Os processos são digitais, mas os sistemas do TJ ainda falham na agilidade. Como resolver isso?
Os processos, em grande parte, já estão digitalizados. Entretanto, nós temos sistemas diferentes. No prazo de cinco anos, o tribunal terá o seu sistema próprio, o Eproc, que se apresenta como o melhor sistema para a prestação jurisdicional. Esse sistema terá que se comunicar com outros sistemas, como os do Ministério Público do Rio, das polícias. Estamos começando nas varas de Fazenda Pública e terminado nas criminais.
Por que começar nas varas de Fazenda Pública?
Por ser relevante no plano fiscal para o Estado, isso gerará economia de tempo, atingindo o patrimônio dos devedores e permitindo que a Fazenda Pública receba os valores que lhe são devidos. O Estado passa a ter receita para atingir suas metas, aplicando em educação, segurança pública e saúde.
As gravações das audiências do TJ são de baixa qualidade.
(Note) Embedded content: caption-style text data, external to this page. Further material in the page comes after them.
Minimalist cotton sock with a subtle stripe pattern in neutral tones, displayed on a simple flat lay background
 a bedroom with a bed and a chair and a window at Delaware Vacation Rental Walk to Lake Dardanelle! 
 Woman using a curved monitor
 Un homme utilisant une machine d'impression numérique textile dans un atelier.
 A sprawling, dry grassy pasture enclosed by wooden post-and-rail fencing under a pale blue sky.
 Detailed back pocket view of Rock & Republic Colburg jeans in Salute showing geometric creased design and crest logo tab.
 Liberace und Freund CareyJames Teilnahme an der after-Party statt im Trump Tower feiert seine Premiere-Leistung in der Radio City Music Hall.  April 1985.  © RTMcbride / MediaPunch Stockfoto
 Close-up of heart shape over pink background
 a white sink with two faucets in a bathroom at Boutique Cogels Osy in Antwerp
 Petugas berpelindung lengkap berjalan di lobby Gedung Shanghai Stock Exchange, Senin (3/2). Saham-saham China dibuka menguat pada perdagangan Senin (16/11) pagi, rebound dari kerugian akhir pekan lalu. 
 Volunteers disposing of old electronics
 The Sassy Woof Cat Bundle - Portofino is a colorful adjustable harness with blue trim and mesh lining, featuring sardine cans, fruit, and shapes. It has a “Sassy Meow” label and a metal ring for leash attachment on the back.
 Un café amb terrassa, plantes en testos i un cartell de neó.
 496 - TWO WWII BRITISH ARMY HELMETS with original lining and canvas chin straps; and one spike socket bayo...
Há planos para a aquisição de um novo sistema e o uso de inteligência artificial para outros serviços?
Vamos adquirir um sistema moderno. Eu mesmo já tive problemas com isso ao julgar e me comprometo com essa melhoria. Também estamos investindo em inteligência artificial. No entanto, tenho uma visão um pouco diferente de outros julgadores, que dizem que a inteligência artificial nos substituirá. A valoração da prova depende do ser humano, pois exige sensibilidade. Algo inerente à pessoa. Nenhuma máquina substitui o homem.